I liked many parts of the book, though. One was this:
As the church, we are the people (whenever we live true to ourselves) who will welcome you in to this world, who will join you in marriage and in friendship, who will bless your coming and your going. We will pray for you to prosper and know love's depths even if you think our prayers are foolish or offered in vain, and we will mourn you when you leave us. We will bless the land and the nations we share, and we will grieve together through tragedy and heartache. We will celebrate, with you, everything beautiful and good, everything that comes from the hand of mercy. And then, when your days conclude, we will bury you. We will return you to the earth and pray God's kindness over you.
That is who we are. This is who I hope we will be.
That is the hope for our church, too. Even with people traveling a lot, moving in and out, and so on, my church has been this for me and my family, and I know that's true for many others. I thank God for the people of my church who are all this to me and mine. That's a big reason I want to try to serve it and keep it vital.

In another part of the book, the letter-writing pastor talks about "making something beautiful" out of the church.
We're not trying to manufacture an idyllic life or an idyllic church. We're trying to be friends with one another, to speak to one another as people who have actual names. ...Whenever someone asked what vision our church follows, what we're making of our vocations and our loves and our friendships and our families, we could say, "We're making something beautiful, to the best of our ability."
I like this for mentioning friendships. I think that's what makes our church beautiful -- friendships with each other and with Jesus. I'd like us to nurture those friendships.

I also like its mention of visions. I'm a little cynical about vision statements right now. It seems like whenever we come up with them, they're true, but I don't really see them as very valuable. They kind of remind me of the horoscopes you can read based on your Zodiac sign. I once suggested a friend read some other sign's horoscopes for a while and see if those weren't true as well. Lo and behold, they were! We can make a lot of statements about our church's vision, but they're usually true of many churches besides ours. That's not bad, but I'd rather see us expending our energy, prayers, and thoughts on building our relationships, our friendships.

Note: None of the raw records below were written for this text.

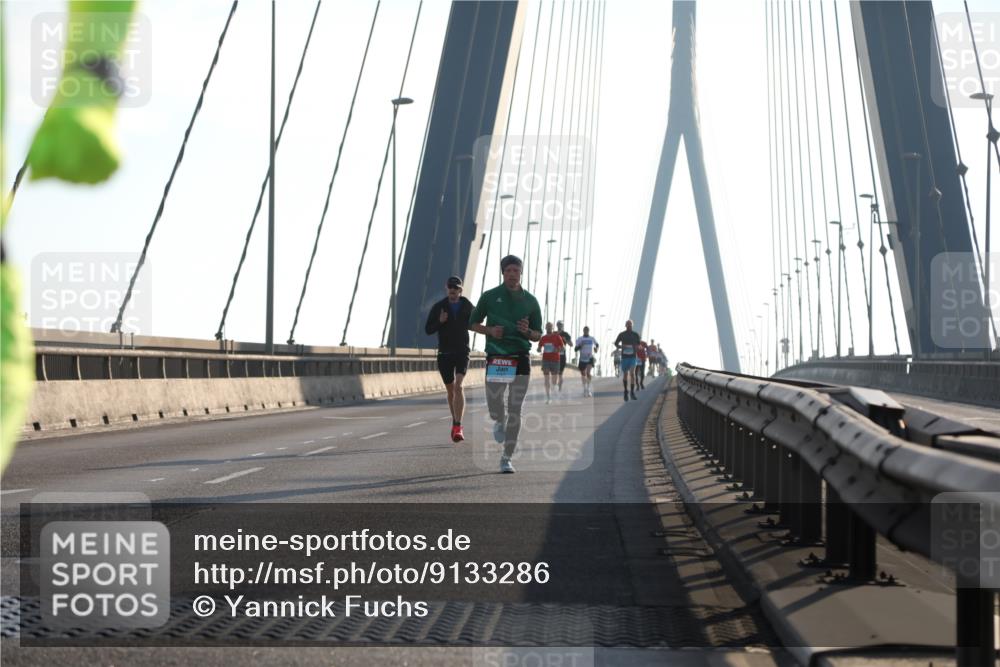 03.10.2025 - Köhlbrandbrückenlauf Yannick Fuchs http://msf.ph/oto/9133286 03.10.2025 08:20:09 Position 1  meine-sportfotos.de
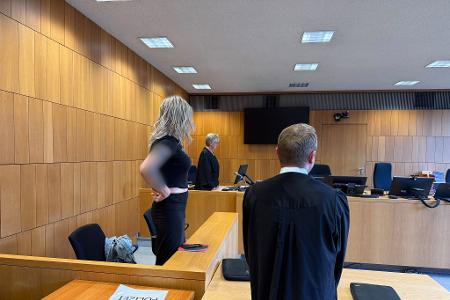 Die Angeklagte sitzt im Münchner Männergefängnis in U-Haft.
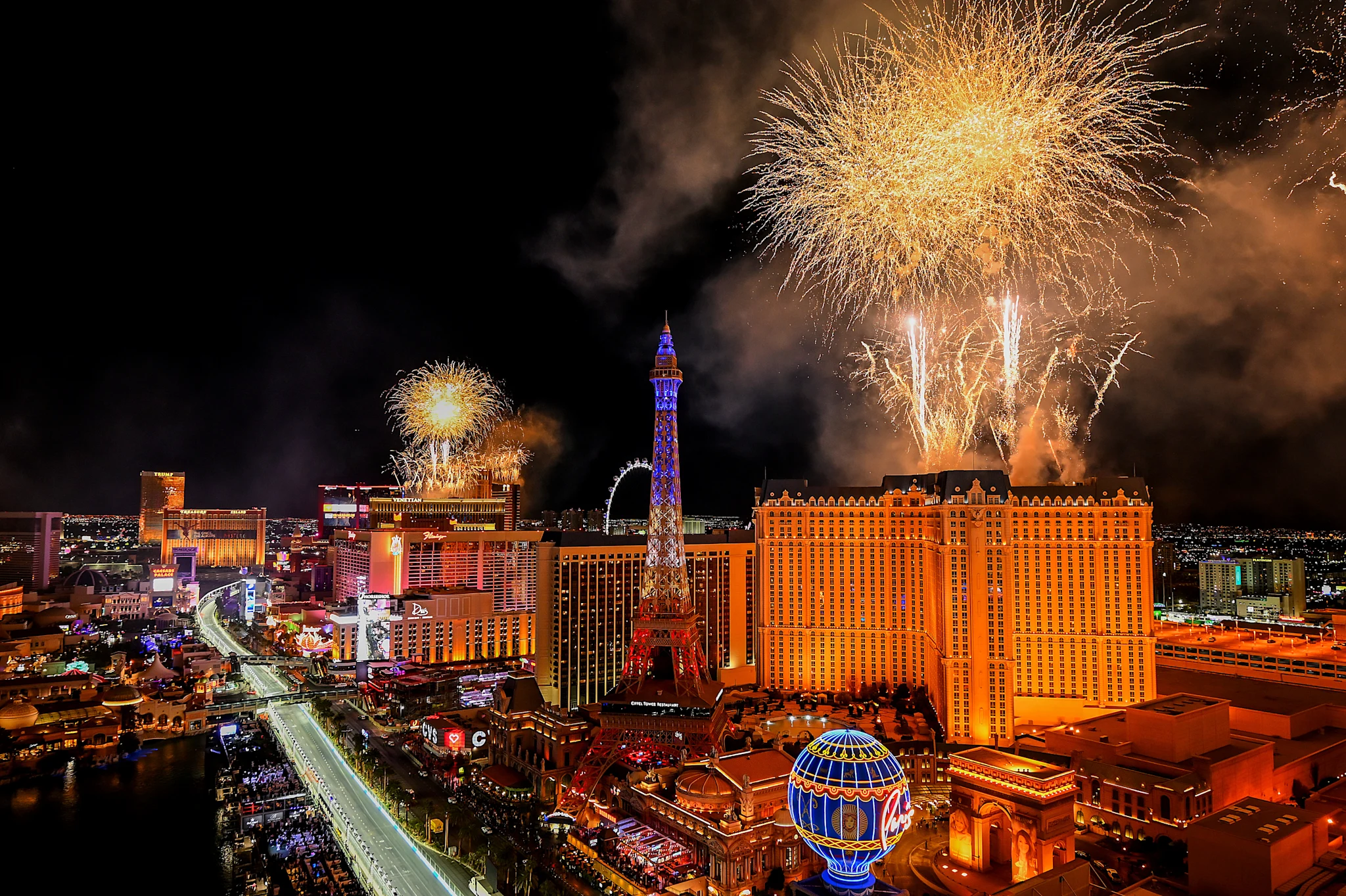 F1 to race in Las Vegas until 2037 after new extension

The pastor in the book talks about this, too.
In all my years attending the church..., I had never before heard anyone say, Hey, you know what we're about? Friendship. This is remarkable since Jesus himself gave us the model of his own friendship with us to function as our guide: "My command is this: love each other as I have loved you. Greater love has no one than this, that he lay down his life for his friends." The next time I find myself among a group of pastors debating the atonement and the precise rationale for Jesus' death, I'm going to say, "Jesus died because he's our friend." ...
It's the current rage to talk about creating community and being missional and pursuing incarnational ministry, but these well-intentioned notions somehow morph into lofty ideals or complicated strategies that inhibit us from simply being friends, being neighbors. ... We seek friendship. We desire and pray for friendship. We become a friend, and then we hope the other will become a friend to us as well....

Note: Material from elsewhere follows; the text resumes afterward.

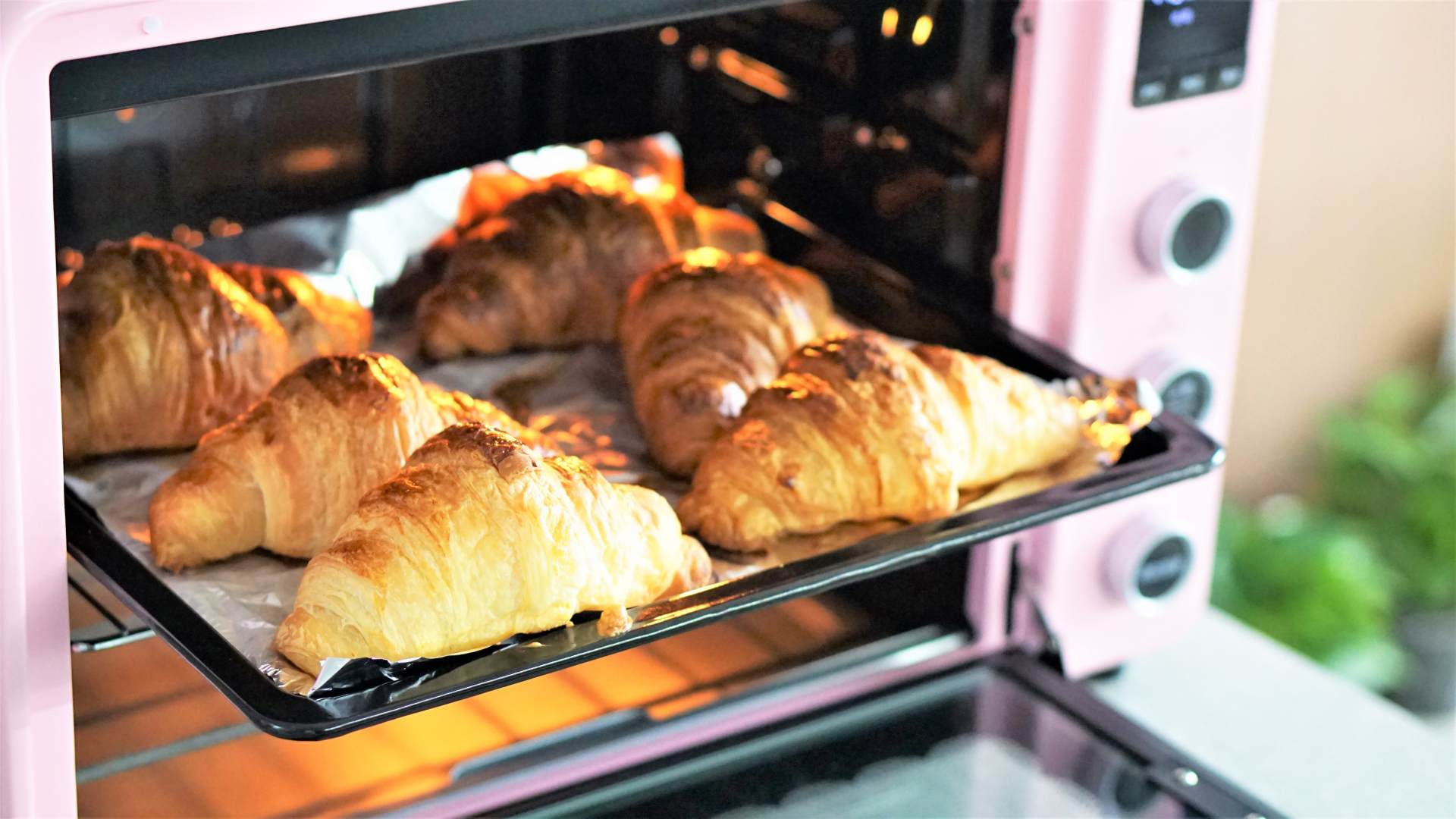 烘焙烤箱该如何选择,烘焙小白要准备哪些食材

What if we thought of ourselves in simpler terms: friends together in the Kingdom of God. We'd have much more patience with one another. We'd give each other a break. We'd follow Jesus' words in his sermon on the mount: Be easy on people. We'd laugh more often. ...
My brother has been talking a lot about friendship lately. I've been reading more about it, thinking and praying about it. Friendship is beautiful. A church full of friends is beautiful.